Présence à l'abbaye de personnes célèbres
- Robert Louis Stevenson : Le 26 septembre 1878, l'écrivain écossais accompagné de Modestine trouve refuge à l'abbaye dont il parlera longuement dans son célèbre ouvrage "Voyage avec un âne dans les Cévennes".
- Charles de Foucauld  : Le16 Janvier 1890 le Vicomte Charles Eugène de Foucauld de Pontbriand entre à la trappe où il effectue son noviciat avant de repartir pour l'abbaye d'Akbés sous le nom de frère Marie-Albéric. P. Ch. De Foucauld  fut béatifié le 13 novembre 2005, à Rome par le Pape Benoît XVI.
- Robert Schuman, Père de l'Europe, ancien ministre des Affaires étrangères et président du conseil sous les troisième et quatrième républiques, a séjourné à l’abbaye à la fin de la guerre.

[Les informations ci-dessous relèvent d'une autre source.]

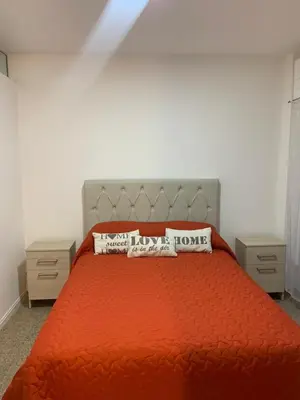 a bedroom with a red bed with two night stands at Departamento Costanera in Villa Carlos Paz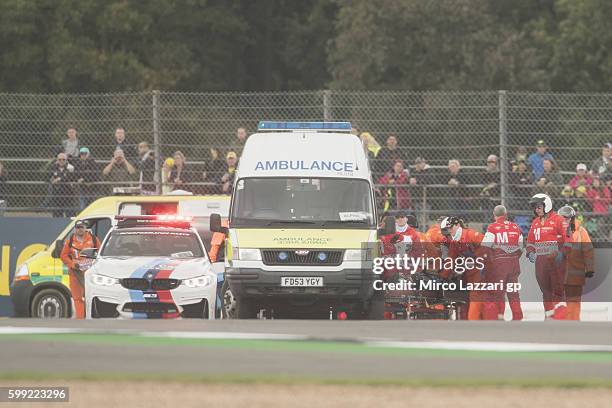 The ambulance with Loris Baz of France and Avintia Racing after crashed out during the MotoGP race during the MotoGp Of Great Britain - Race at...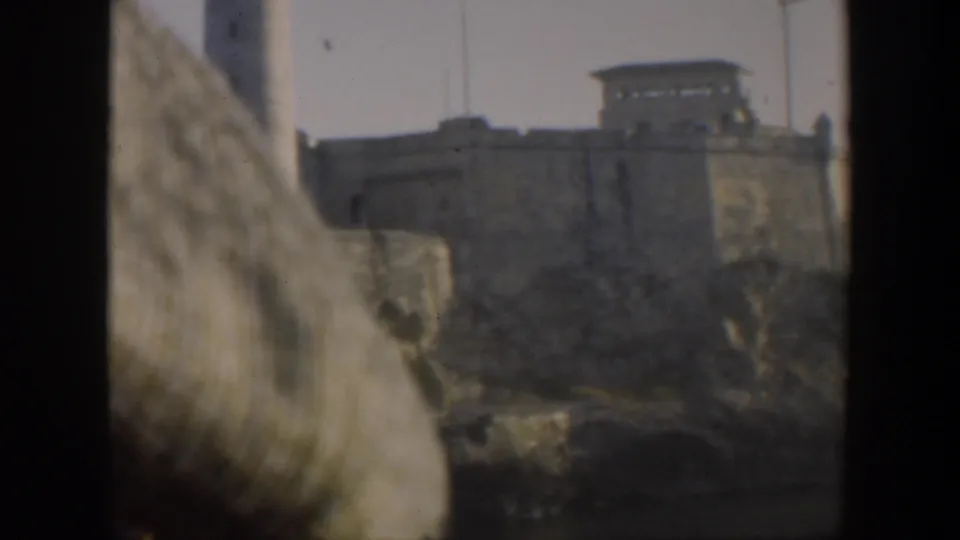 1951 Cuba 8mm frame showing a fortified wall and lookout structure, with the lighthouse partially visible near the left edge.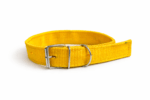 Yellow traditional ghungroo dog collar with four brass bells, designed for Indie and guard dogs, placed on a white background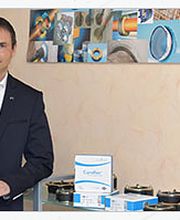 Ein Mann steht neben einem Curaflex-Werbeplakat und Produkten auf einem Tisch.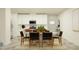 Inviting dining area featuring a stylish table with black weave chairs and a view of the modern, white kitchen at 32066 Griffin Sands Ln, San Antonio, FL 33576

Son procès en béatification est toujours en cours.
 
Vous y rendre
- Par La Croix de Bauzon (63km / 1h20 environ) ; à partir d'Aubenas, prendre la RN 102 en direction du Puy - A l'entrée de Lalevade tourner à gauche au giratoire en direction de Jaujac/La Souche (D 19) - Passer à La Croix de Bauzon - Passer au Bèz puis Masméjean-  Poursuivre en direction de St Etienne de Lugdares - traverser le village - continuer en direction de La Bastide-Puylaurent - Dans le village prendre la direction de St Laurent les Bains - La Trappe est située à quelques kilomètres à la sortie de St Laurent, sur la gauche.
- Autre itinéraire possible par le col de la Chavade (72km / 1h30 environ) et qui retrouve l'itinéraire ci-dessus à hauteur de l'auberge du Bèz.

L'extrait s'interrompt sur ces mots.